Data records —
------------------------------------------------------------
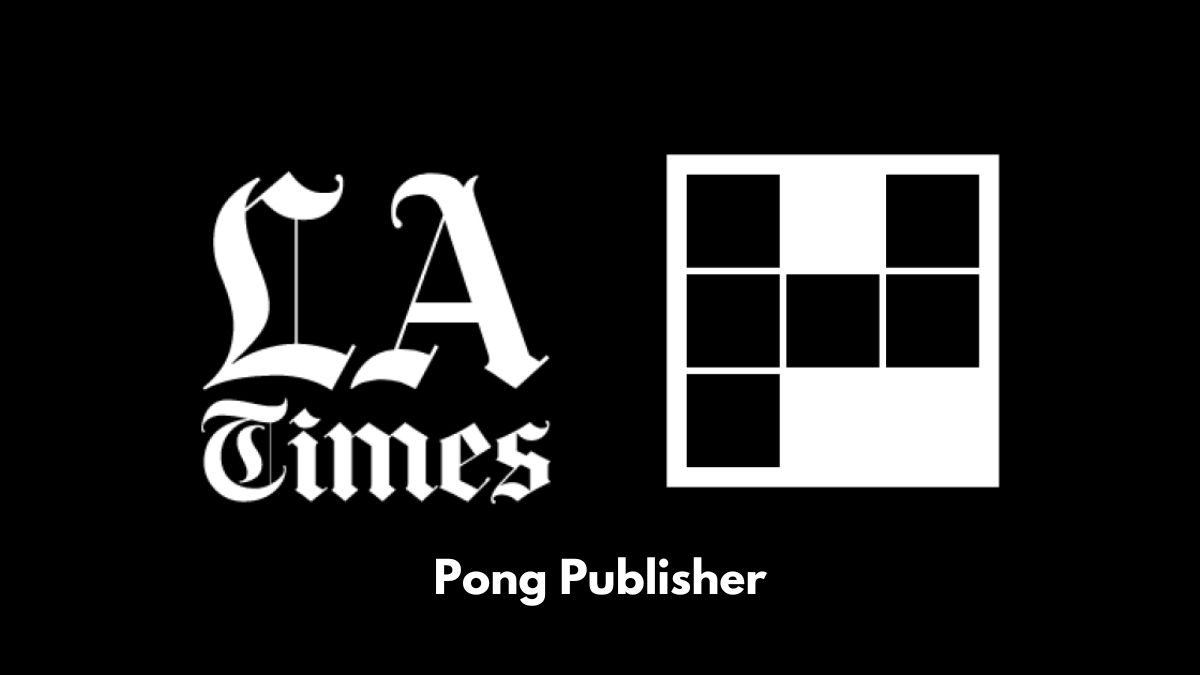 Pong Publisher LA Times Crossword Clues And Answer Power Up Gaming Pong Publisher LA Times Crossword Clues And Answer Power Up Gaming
------------------------------------------------------------
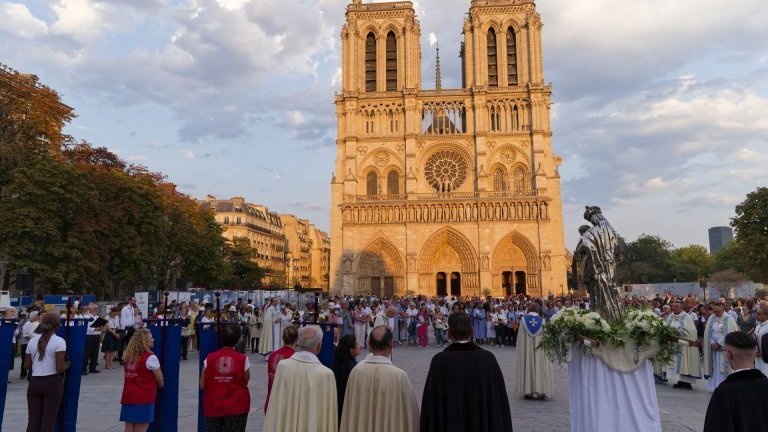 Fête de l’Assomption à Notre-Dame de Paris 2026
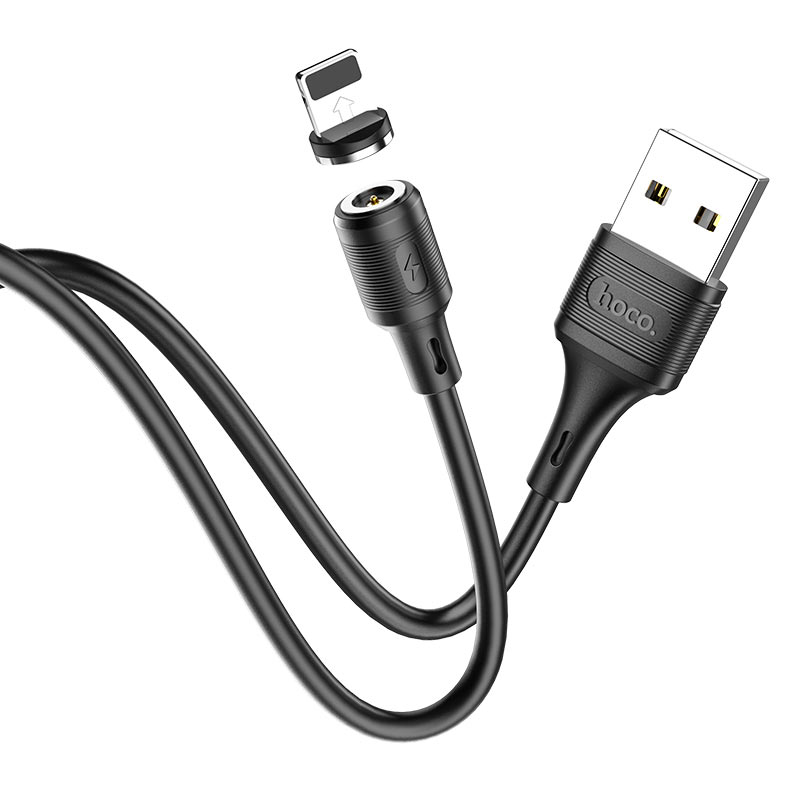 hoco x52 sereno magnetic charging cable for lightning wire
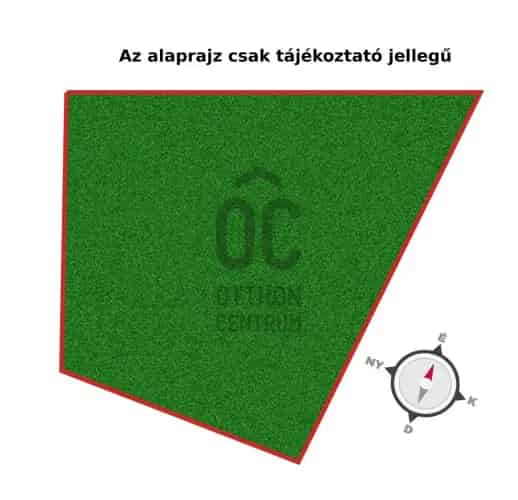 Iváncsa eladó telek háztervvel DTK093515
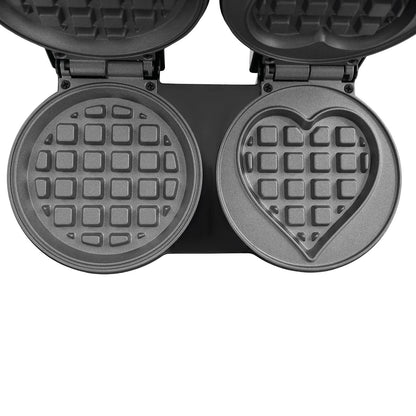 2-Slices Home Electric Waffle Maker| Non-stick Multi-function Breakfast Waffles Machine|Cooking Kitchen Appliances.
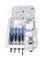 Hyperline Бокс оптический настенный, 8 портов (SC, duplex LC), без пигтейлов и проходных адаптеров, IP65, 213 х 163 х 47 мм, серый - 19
------------------------------------------------------------
What needs to be done — Within the listing above, write out the stretch from the line with "2-Slices Home Electric" through the line with "Hyperline Бокс оптический" exactly. Any pictures are to be left out.

Response for this exercise —
 2-Slices Home Electric Waffle Maker| Non-stick Multi-function Breakfast Waffles Machine|Cooking Kitchen Appliances.
 Hyperline Бокс оптический настенный, 8 портов (SC, duplex LC), без пигтейлов и проходных адаптеров, IP65, 213 х 163 х 47 мм, серый - 19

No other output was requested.